You can read about more techniques for optimizing Amazon Redshift performance here.
What is Compression?
Compression, called encoding in Amazon Redshift, reduces the size of your data by converting it into different information that exactly describes your data using much less storage.
To visualize how compression works, consider this example of run-length encoding of an image described in Wikipedia’s Data Compression article. While the raw data of an image has an entry for each pixel, it’s likely that the image has several blocks of color that do not change over several pixels. For example, if 279 pixels have the same red color, the raw data stores 279 entries of that color. But instead, this could be stored as “279 red pixels”. This encoding just compressed 279 data entries into a much smaller statement that perfectly describes the same amount of pixels.
While your data may not be image-based, the same concepts apply to other forms of data. Data compression works because in general, data is highly redundant. For example, you may have millions of purchases in your database, but only sell thousands of different items - so each item is repeated thousands of times in a typical sales table.
Different encoding types apply different sophisticated statistical algorithms to take advantage of the redundancy.
How to Select the Best Compression Type in Amazon Redshift
Luckily, you don’t need to understand all the different algorithms to select the best one for your data in Amazon Redshift. Amazon Redshift provides a very useful tool to determine the best encoding for each column in your table. Simply load your data to a test table
test_table (or use the existing table) and execute the command:
ANALYZE COMPRESSION test_table;
The output will tell you the recommended compression for each column. Note that the recommendation is highly dependent on the data you’ve loaded. Use at least 100,000 rows of data and make sure the possible range of values for your columns are represented in the data.

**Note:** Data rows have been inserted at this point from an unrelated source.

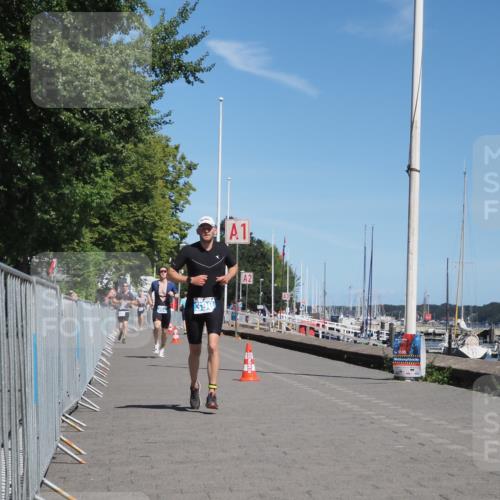 17.08.2025 - KN Förde Triathlon 2025 KatJ http://msf.ph/oto/8586748 17.08.2025 13:28:56 Laufen 398, 402, 454 meine-sportfotos.de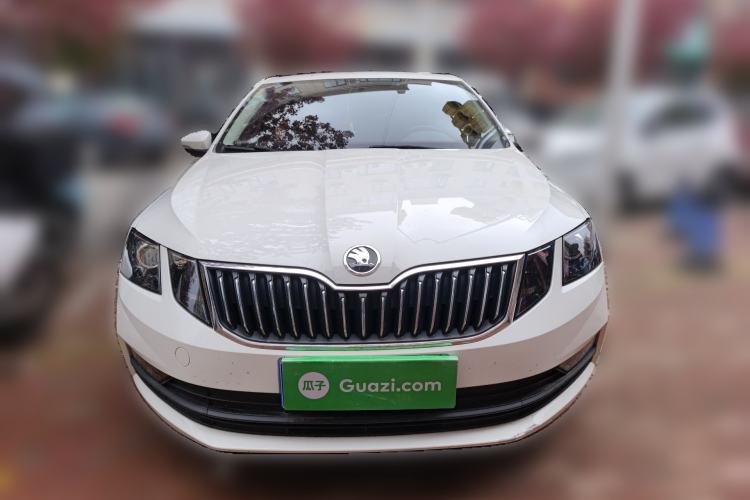 Used Skoda Octavia 2019 1.5L Automatic SmartDrive Comfort Edition China VI Standard Front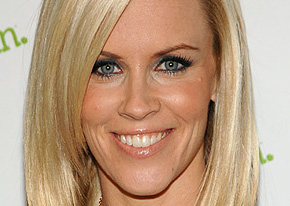 1251224796jenny_mccarthy_290x206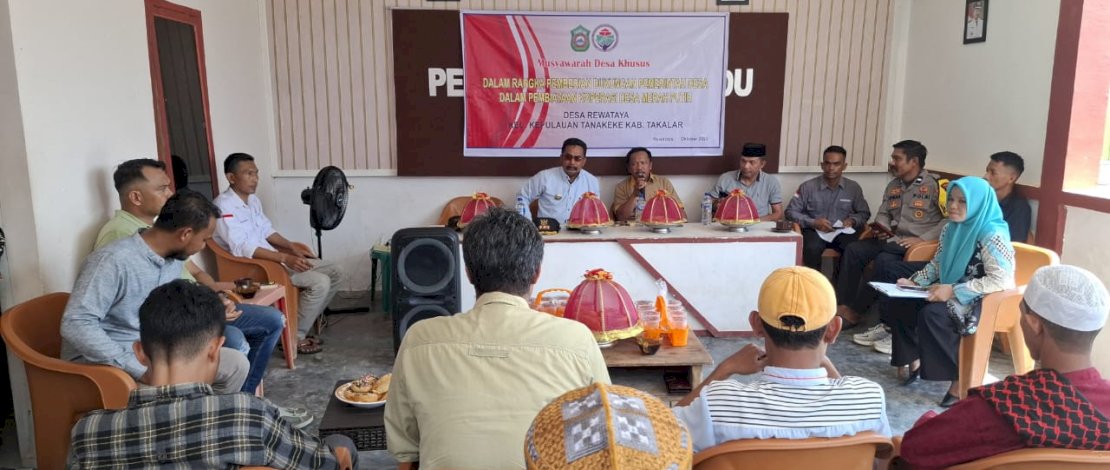 Musyawarah Desa Khusus dalam rangka pembiayaan Koperasi Desa Merah Putih Rewataya, yang digelar di Gedung Serba Guna Desa Rewataya, Jumat, 7 November 2025.
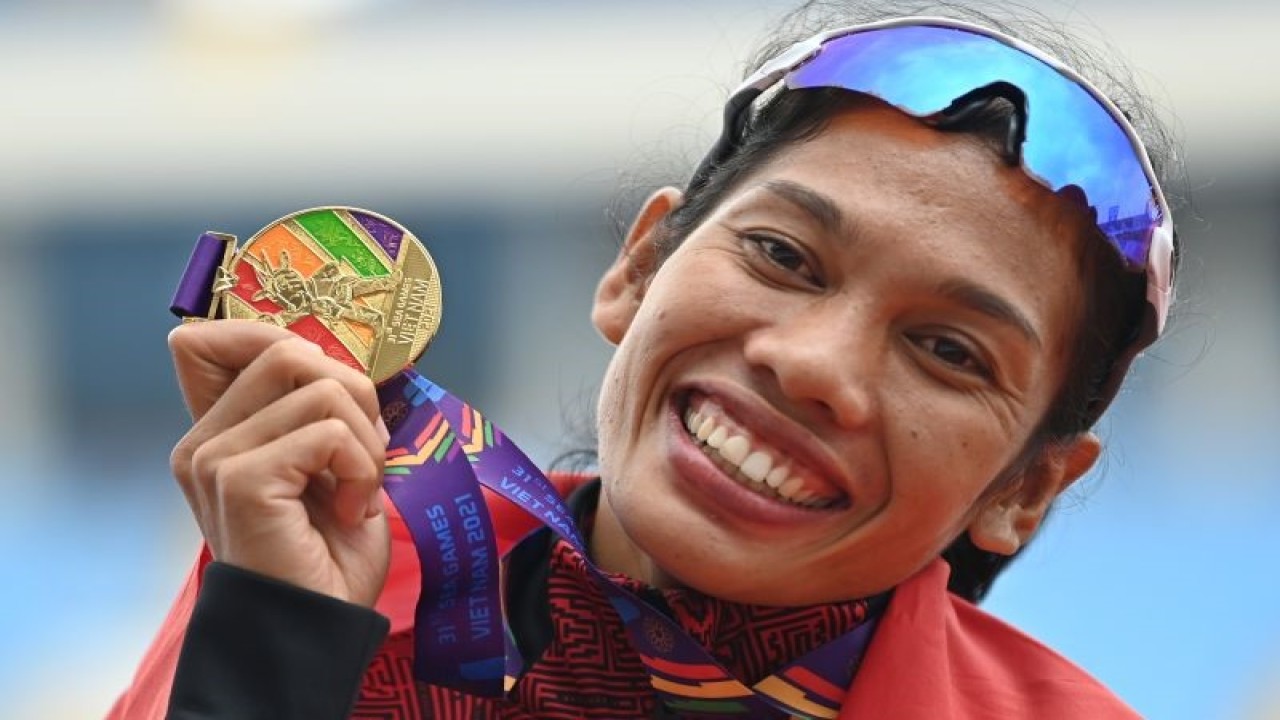 Arsip- Pelari Indonesia Odekta Elvina Naibaho berpose dengan medalinya usai pengalungan medali nomor lari maraton putri SEA Games Vietnam 2021 di Stadion Nasional My Dinh, Hanoi, Vietnam, Kamis (19/5/2022). ANTARA FOTO/Aditya Pradana Putra/foc.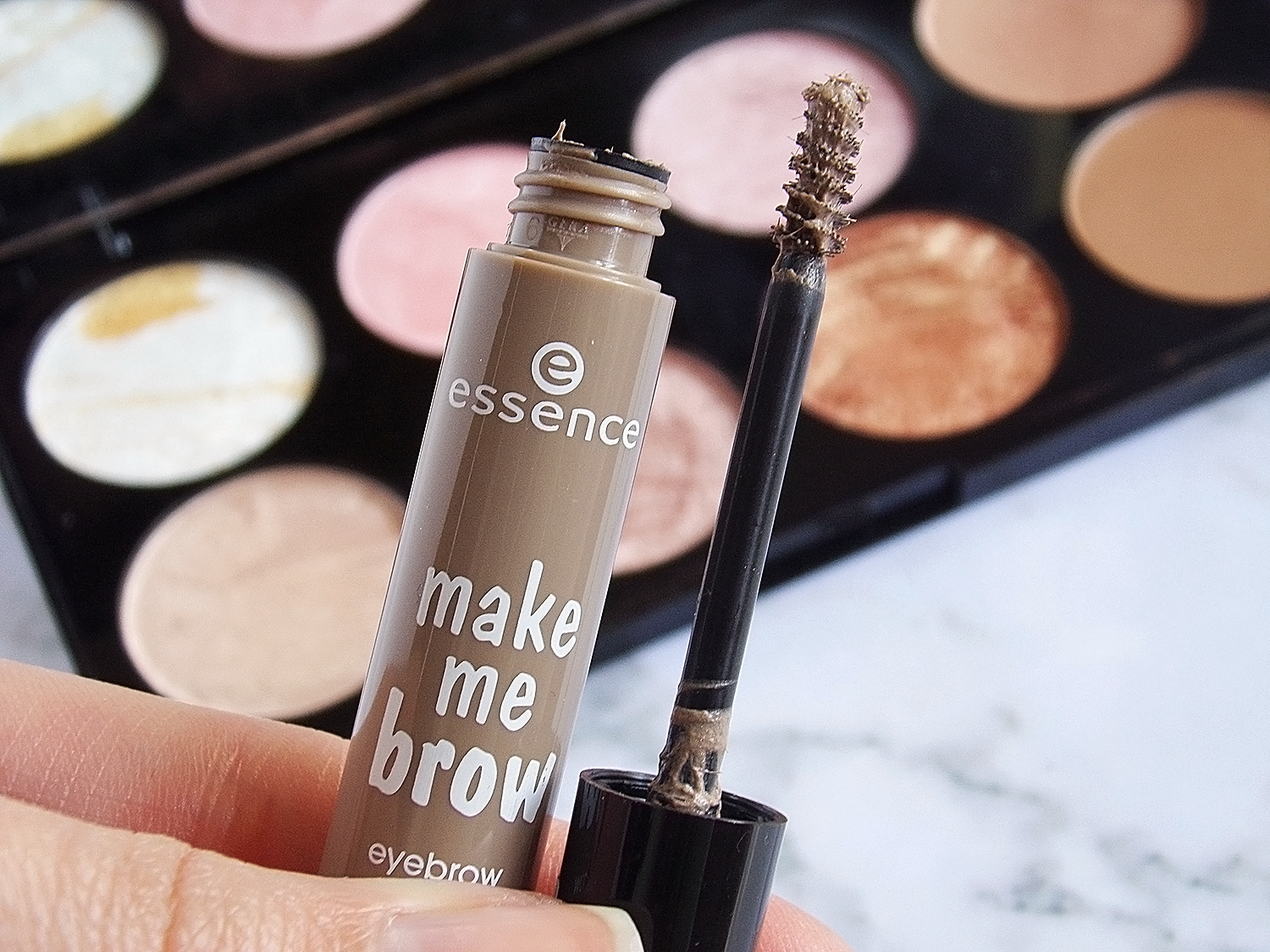 Essence Make Me Brow Eyebrow Gel Mascara in Blondy Brows Essence Make Me Brow Eyebrow Gel Mascara in Blondy Brows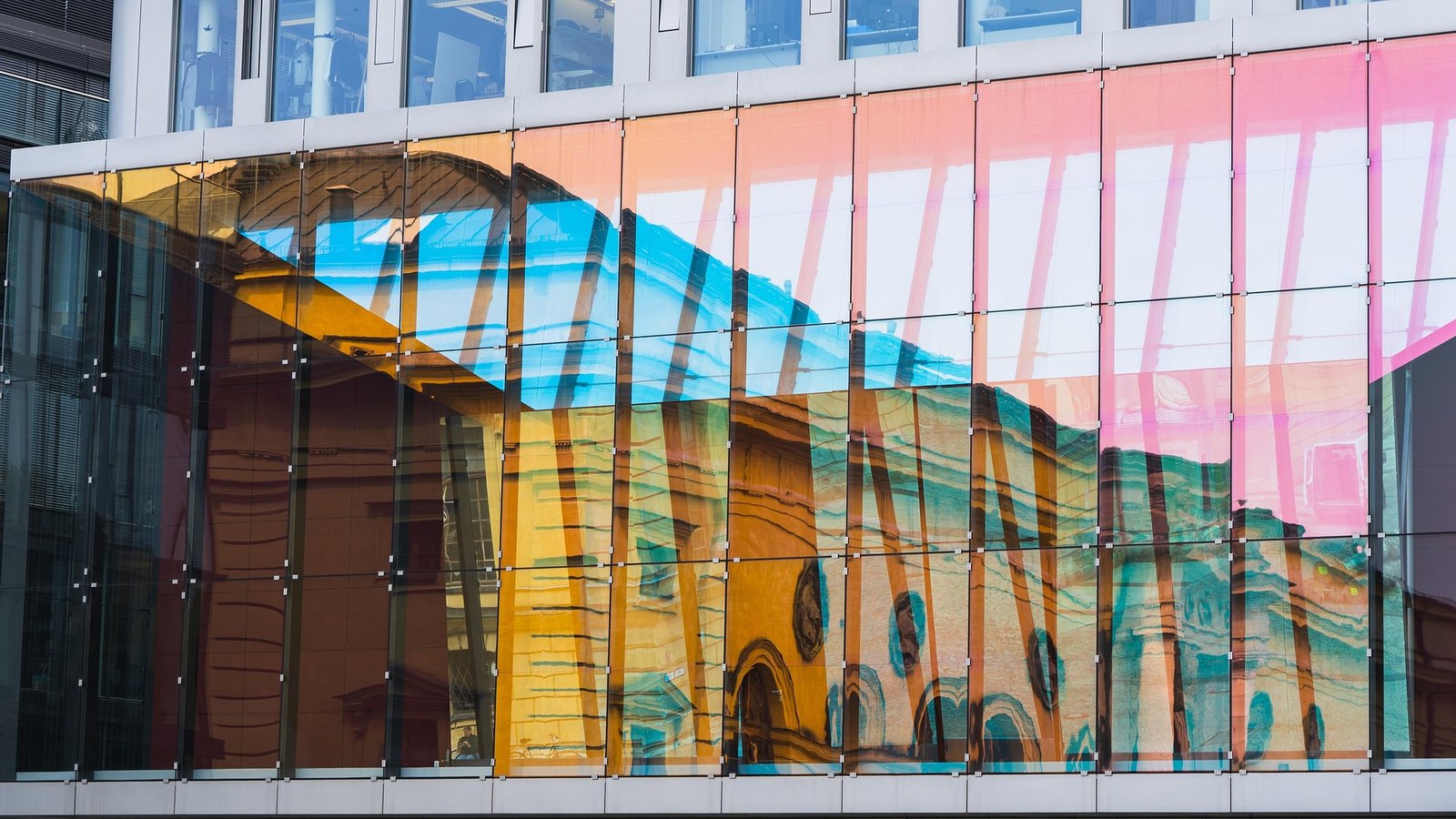 Façade vitrée colorée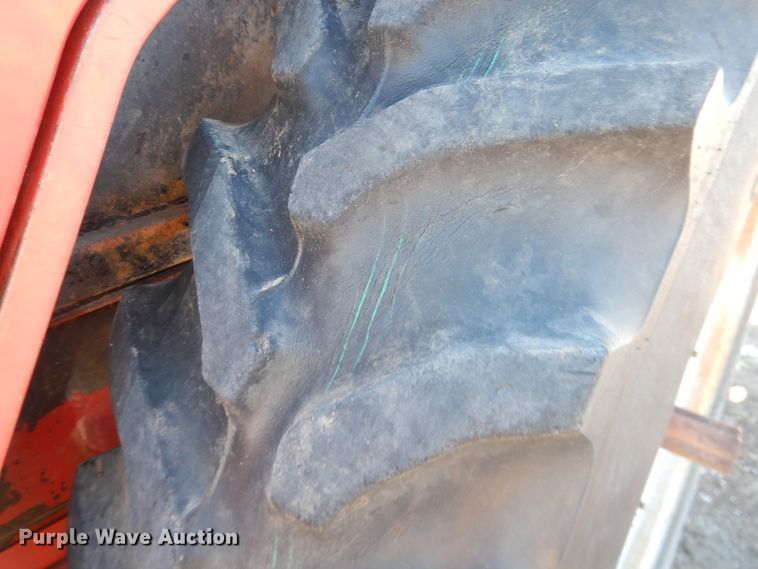 image for item DJ4930 International 186  tractor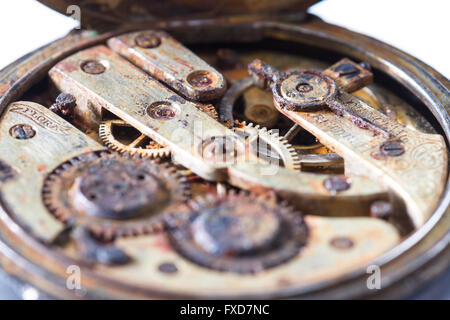 Close up d'une vieille montre de poche avec rusty gears comme concept Banque D'Images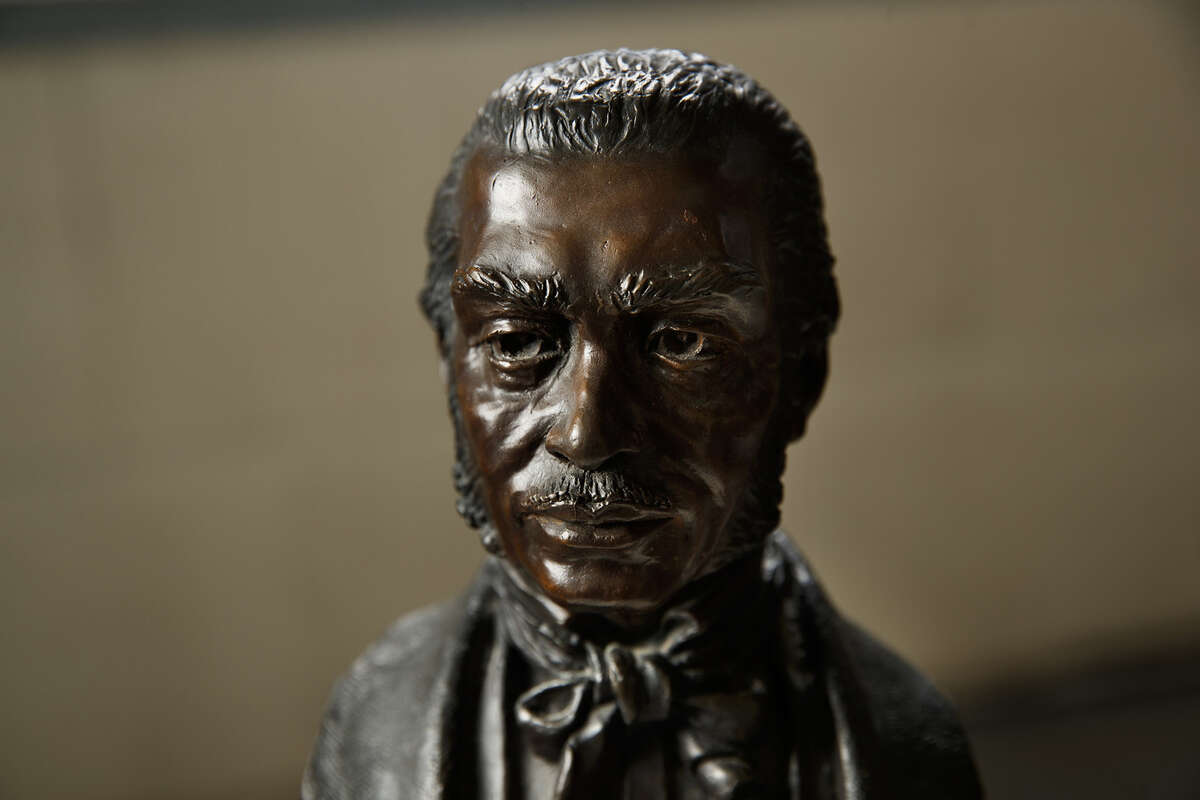 Shirley McWorter-Moss, a descendant of Free Frank McWorter, created a bust of what he may have looked like. Armando L. Sanchez/Chicago Tribune/TNS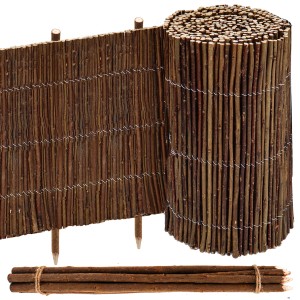 Flexible Weiden Beeteinfassung urfence, 300x30 cm, mit Holzpflöcken für Garten, Beet und Rasenkante.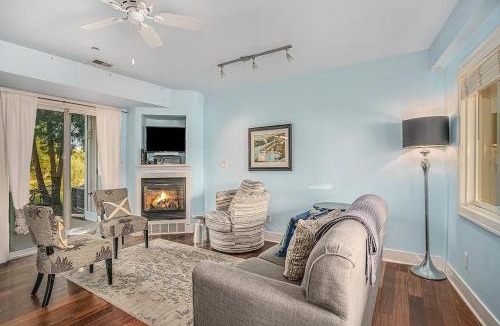 Douglas House | Bluebird Condo
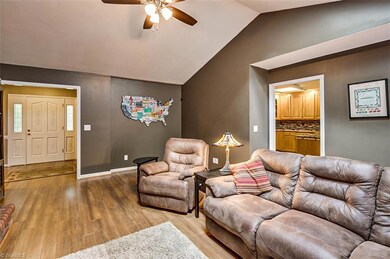 2649 Hickory Dr, Asheboro, NC 27205 - photo 3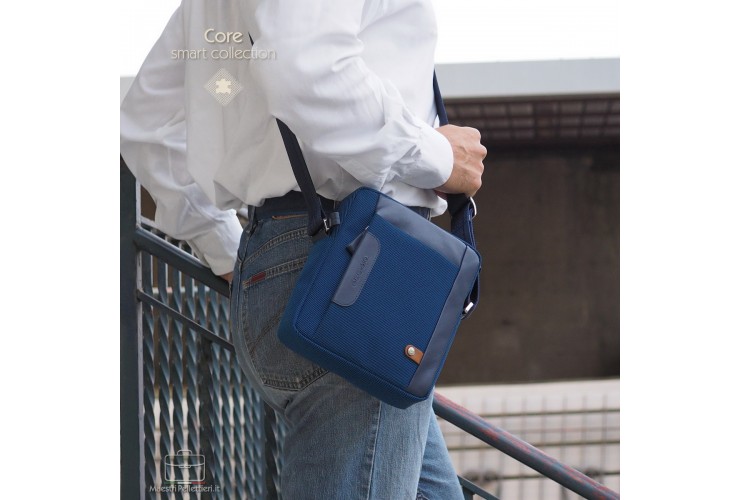 Borsello uomo a tracolla piccolo Core tessuto e pelle Blu Navy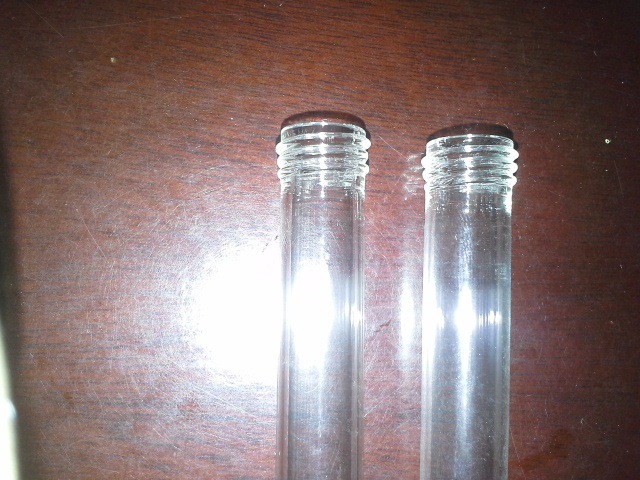 优良品质 25×200高硼硅玻璃螺口试管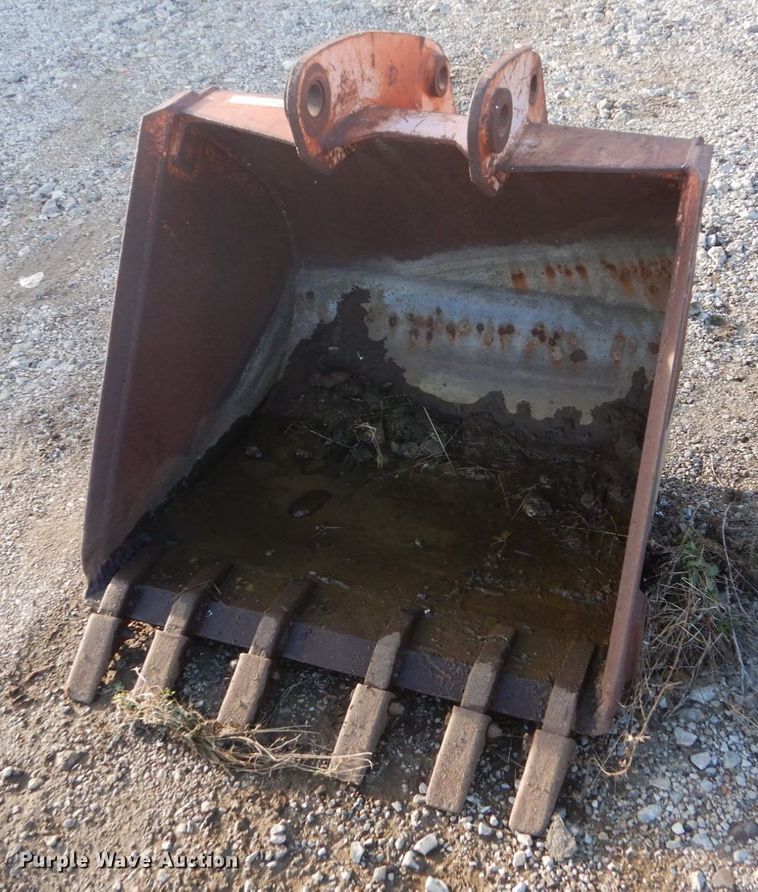 image for item FU9044 35.5"W excavator bucket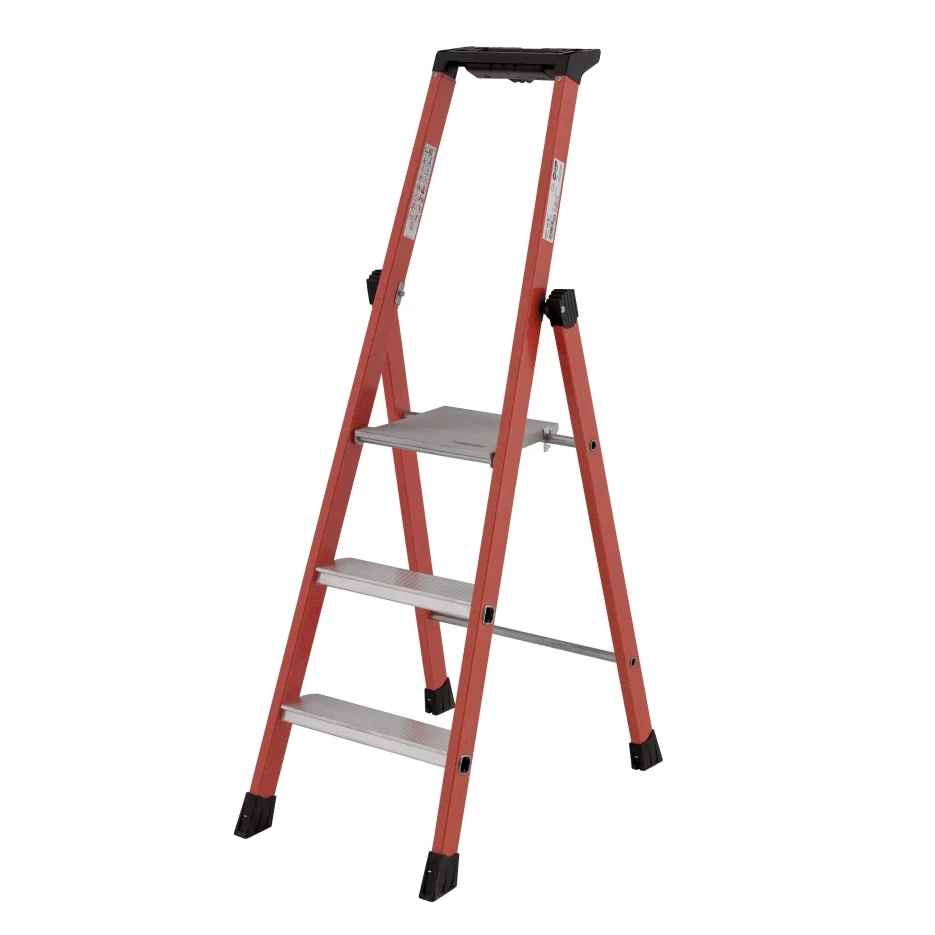 [BIN4472/003] Isolerende trapladder met platform (3 treden, inclusief platform – Ingeklapte lengte: 1,45 m – Platformhoogte: 0,69 m)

More on
ANALYZE COMPRESSION tool here.
In January 2017, Amazon Redshift introduced Zstandard (zstd) compression, developed and released in open source by compression experts at Facebook. You can read more about the algorithm here. This very powerful compression algorithm is the new standard and works across all Amazon Redshift data types. It will almost always be the type recommended by the
ANALYZE COMPRESSION command.
So if you want to skip the
ANALYZE COMPRESSION step, you can confidently choose zstd for all of your columns, except sort keys, which should not be encoded. More on sort keys here.
Making sure your data is properly encoded can have a huge impact on your database. Data compression reduces the size of your data, which directly reduces storage costs and improves query performance.